How to support enumeration of multiple GPUs in Vulkan

  • xserver-xorg-core 1.20.7 or newer is required for multi-GPU systems. Otherwise, Vulkan applications cannot see multiple GPUs.

  • Ubuntu 20.04 ships with Xorg 1.20.8 by default. Ubuntu 20 is known to work, but not exhaustively tested by Omniverse QA

  • Ubuntu 16 is not supported.

  • How to update xorg:

Q3) How to verify a correct Vulkan setup with vulkaninfo or vulkaninfoSDK utility

  • Download the latest Vulkan SDK tar.gz from https://vulkan.lunarg.com/sdk/home and unzip it.

  • Do NOT install Vulkan SDK through apt-install, unless you know what exact version Omniverse supports and you need validation layers for debugging (refer to readme.md). Just simply download the zip file.

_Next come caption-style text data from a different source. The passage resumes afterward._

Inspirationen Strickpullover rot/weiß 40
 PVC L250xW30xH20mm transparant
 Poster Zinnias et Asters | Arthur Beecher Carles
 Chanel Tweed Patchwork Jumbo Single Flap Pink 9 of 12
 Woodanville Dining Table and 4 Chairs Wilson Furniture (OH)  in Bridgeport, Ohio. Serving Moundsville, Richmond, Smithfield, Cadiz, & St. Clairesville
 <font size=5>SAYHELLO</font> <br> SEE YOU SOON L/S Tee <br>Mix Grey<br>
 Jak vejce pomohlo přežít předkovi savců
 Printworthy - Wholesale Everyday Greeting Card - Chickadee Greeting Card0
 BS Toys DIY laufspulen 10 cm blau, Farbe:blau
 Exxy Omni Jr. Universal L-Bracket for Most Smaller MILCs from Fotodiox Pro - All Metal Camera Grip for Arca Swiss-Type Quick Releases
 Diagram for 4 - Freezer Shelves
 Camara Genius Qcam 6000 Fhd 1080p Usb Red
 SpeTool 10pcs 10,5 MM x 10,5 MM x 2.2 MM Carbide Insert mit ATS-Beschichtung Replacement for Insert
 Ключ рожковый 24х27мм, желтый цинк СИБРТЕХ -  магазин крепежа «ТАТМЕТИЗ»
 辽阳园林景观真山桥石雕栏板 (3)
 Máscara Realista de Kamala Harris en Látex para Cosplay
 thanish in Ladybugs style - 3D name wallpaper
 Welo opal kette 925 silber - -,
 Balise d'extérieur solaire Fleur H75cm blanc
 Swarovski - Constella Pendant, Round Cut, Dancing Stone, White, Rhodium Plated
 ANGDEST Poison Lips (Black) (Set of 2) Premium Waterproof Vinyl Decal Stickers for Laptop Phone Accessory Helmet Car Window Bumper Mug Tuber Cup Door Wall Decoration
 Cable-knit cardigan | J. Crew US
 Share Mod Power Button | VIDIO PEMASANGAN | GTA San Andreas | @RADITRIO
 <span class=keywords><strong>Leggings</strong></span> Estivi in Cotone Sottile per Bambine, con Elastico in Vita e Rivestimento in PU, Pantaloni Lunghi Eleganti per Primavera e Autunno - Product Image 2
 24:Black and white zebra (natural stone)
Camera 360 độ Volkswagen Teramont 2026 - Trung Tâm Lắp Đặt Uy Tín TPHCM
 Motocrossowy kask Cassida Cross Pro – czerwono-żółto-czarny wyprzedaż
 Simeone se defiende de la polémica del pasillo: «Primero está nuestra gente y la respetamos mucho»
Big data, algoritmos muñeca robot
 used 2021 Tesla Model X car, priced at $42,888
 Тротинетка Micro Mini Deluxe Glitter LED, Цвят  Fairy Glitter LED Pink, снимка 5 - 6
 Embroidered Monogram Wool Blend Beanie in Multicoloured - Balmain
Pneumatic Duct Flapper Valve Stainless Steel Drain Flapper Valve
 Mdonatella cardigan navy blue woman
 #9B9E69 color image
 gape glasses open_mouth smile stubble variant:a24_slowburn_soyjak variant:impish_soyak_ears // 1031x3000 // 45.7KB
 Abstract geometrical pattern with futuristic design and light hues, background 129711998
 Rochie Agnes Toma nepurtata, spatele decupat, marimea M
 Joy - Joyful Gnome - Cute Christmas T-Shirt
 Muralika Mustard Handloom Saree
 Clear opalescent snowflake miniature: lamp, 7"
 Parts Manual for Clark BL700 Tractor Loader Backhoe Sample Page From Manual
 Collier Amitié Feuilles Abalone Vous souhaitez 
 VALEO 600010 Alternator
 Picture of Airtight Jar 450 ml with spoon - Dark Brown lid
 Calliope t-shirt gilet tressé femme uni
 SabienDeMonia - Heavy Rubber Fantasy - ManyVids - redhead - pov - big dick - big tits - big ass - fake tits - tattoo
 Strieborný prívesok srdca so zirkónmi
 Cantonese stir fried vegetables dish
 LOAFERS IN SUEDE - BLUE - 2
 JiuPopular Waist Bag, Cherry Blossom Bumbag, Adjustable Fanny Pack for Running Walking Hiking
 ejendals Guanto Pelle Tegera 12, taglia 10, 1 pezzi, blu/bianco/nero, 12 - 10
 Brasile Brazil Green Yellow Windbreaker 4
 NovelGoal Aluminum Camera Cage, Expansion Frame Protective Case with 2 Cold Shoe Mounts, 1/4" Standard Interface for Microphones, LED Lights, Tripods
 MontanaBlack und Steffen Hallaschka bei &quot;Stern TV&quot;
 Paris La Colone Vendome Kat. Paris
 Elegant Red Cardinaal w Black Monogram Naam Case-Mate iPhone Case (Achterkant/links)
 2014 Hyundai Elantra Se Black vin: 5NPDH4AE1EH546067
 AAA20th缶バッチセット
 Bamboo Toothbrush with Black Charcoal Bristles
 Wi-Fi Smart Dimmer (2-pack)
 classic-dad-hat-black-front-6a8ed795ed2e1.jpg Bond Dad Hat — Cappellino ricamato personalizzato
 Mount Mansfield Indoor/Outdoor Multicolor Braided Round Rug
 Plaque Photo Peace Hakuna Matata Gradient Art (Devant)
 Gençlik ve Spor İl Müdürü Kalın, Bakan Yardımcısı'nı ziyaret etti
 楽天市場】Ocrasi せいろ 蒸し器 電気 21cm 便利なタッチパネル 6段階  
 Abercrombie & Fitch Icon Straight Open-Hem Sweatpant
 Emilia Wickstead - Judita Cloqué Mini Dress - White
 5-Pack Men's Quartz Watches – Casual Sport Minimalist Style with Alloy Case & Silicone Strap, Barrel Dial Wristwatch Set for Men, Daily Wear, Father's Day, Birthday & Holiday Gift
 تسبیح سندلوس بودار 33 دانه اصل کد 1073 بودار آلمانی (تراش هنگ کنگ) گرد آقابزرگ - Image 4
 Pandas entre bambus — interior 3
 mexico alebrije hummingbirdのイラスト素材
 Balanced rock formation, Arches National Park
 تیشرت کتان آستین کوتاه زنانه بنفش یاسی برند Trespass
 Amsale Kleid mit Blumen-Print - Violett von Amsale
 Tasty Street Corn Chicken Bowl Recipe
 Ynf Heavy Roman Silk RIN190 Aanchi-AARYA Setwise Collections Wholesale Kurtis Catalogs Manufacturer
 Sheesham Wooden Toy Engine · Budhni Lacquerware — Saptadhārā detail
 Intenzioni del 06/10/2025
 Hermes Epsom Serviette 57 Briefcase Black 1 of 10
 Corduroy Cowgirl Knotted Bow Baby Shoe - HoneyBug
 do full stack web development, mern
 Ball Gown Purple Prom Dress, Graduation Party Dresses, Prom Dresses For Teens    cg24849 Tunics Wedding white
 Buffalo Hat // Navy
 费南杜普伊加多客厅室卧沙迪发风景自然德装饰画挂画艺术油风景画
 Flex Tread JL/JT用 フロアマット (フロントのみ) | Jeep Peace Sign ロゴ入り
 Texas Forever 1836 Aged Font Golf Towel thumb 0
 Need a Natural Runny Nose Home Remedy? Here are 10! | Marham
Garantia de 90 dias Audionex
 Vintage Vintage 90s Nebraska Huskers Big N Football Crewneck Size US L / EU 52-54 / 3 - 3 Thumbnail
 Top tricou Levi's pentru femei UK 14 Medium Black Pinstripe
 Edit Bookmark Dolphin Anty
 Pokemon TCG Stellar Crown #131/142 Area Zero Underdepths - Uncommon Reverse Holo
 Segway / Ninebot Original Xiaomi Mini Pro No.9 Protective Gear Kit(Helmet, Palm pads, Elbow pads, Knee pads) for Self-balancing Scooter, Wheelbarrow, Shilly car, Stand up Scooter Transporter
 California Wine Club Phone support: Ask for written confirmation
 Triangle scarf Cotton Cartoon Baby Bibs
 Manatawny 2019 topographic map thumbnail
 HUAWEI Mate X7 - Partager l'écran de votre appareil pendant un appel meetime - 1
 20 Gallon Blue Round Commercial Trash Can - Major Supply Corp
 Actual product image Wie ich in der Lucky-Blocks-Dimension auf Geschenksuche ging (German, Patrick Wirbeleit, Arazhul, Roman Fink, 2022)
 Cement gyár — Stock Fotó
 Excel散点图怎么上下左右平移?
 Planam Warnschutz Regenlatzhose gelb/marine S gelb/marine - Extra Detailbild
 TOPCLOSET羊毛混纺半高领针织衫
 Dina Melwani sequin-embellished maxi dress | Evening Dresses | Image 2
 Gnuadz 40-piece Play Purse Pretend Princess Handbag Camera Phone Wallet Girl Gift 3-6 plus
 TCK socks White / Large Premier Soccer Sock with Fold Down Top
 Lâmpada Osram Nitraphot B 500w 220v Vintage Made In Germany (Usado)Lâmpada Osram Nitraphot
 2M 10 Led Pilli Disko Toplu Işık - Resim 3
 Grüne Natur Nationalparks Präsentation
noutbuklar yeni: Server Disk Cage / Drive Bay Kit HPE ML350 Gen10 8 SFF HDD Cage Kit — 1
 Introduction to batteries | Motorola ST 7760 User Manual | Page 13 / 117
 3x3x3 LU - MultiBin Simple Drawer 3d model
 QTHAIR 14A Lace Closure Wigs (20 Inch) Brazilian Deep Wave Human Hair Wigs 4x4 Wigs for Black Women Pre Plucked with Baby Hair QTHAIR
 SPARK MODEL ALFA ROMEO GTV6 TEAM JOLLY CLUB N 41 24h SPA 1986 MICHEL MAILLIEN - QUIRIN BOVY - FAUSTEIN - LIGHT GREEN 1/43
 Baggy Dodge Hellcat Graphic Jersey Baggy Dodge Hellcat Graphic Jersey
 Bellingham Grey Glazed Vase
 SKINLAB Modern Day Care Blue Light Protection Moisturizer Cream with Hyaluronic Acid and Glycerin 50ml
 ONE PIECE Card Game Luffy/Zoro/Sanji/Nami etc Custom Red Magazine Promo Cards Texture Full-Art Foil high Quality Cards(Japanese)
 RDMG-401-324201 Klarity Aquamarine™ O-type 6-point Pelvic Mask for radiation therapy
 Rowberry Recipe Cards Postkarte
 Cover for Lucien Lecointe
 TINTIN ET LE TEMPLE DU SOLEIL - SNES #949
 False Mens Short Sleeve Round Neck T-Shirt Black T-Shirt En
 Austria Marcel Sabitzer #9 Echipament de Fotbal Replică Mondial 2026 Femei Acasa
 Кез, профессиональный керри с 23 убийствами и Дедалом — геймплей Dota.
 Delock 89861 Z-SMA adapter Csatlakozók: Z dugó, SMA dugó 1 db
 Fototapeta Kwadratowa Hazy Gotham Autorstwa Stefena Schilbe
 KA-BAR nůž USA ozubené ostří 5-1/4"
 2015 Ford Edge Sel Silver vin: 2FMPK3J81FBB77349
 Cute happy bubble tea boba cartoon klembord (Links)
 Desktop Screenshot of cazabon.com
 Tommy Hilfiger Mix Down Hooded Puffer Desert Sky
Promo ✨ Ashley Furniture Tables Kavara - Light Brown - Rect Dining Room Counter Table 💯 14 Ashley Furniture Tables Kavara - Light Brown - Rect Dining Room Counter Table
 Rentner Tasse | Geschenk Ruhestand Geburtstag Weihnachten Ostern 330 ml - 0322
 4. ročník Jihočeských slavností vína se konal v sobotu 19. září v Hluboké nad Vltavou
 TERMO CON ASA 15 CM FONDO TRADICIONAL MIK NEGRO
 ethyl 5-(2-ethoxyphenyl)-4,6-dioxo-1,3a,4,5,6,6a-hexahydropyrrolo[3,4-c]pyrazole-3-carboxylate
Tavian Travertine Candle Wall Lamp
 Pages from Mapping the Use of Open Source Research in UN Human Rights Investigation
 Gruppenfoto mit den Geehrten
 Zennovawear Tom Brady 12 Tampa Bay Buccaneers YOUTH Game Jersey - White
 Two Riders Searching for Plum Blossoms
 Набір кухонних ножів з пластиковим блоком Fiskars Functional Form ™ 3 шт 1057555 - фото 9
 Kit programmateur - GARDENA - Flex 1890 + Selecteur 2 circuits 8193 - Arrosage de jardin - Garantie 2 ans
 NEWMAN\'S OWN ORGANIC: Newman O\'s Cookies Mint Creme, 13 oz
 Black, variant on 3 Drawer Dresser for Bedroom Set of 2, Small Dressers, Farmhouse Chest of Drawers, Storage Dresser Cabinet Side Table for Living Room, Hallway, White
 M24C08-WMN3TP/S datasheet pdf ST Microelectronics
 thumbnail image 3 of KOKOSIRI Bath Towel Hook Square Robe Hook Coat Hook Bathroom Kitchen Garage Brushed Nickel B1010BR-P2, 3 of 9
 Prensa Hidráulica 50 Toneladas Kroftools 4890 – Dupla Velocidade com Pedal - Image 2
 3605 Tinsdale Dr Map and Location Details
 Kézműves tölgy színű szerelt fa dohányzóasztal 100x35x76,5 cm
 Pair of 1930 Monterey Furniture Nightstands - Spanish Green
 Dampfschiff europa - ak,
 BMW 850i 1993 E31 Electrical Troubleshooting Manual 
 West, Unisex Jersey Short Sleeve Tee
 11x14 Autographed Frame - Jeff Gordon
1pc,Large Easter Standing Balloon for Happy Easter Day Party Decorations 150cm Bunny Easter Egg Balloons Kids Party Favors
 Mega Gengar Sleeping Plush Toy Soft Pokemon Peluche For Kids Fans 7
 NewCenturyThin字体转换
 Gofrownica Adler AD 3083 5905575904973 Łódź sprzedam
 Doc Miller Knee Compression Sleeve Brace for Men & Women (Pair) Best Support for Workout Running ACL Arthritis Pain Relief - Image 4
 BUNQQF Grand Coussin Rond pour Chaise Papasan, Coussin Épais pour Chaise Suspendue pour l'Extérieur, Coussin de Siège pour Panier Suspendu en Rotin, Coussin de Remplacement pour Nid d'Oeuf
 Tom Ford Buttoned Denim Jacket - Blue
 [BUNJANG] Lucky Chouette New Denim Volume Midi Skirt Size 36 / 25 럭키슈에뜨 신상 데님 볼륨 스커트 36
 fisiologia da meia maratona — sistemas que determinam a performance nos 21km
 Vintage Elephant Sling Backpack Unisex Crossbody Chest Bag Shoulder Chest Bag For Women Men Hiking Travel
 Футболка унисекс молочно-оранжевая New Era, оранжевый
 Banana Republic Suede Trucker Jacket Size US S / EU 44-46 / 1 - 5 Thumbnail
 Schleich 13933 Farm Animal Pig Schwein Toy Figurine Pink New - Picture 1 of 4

  • Execute the following utility from the unzipped pack.

    bin/vulkaninfo
    
  • It should enumerate all the GPUs. If it failed, your driver or the required xorg is not installed properly. Do NOT install vulkan-utils or other MESA tools to fix your driver, as they might install old incompatible validation layers.

  • nvidia-smi GPU table is unrelated to the list of GPUs that Vulkan driver reports.

Q4) I have a single GPU, but I see multiple GPUs of the same type reported in Omniverse kit logs.

  • You likely have leftover components from other PPA drivers in addition to the one you installed from the .run driver packages.

  • You can confirm this by checking that vulkaninfo only shows a single GPU. These extra ICD files should be cleaned up.

  • These extra files will not affect the output of nvidia-smi, as it is a Vulkan driver issue.

  • Steps to clean up duplicate ICD files:

    • If you see both of the following folders have some json files, such as nvidia_icd.json, then delete the duplicate icd.d folder from /usr/share/vulkan/ path.

      "/etc/vulkan/icd.d": Location of ICDs installed from non-Linux-distribution-provided packages
      "/usr/share/vulkan/icd.d": Location of ICDs installed from Linux-distribution-provided packages
      
    • Run vulkaninfo to verify the fix, instead of nvidia-smi.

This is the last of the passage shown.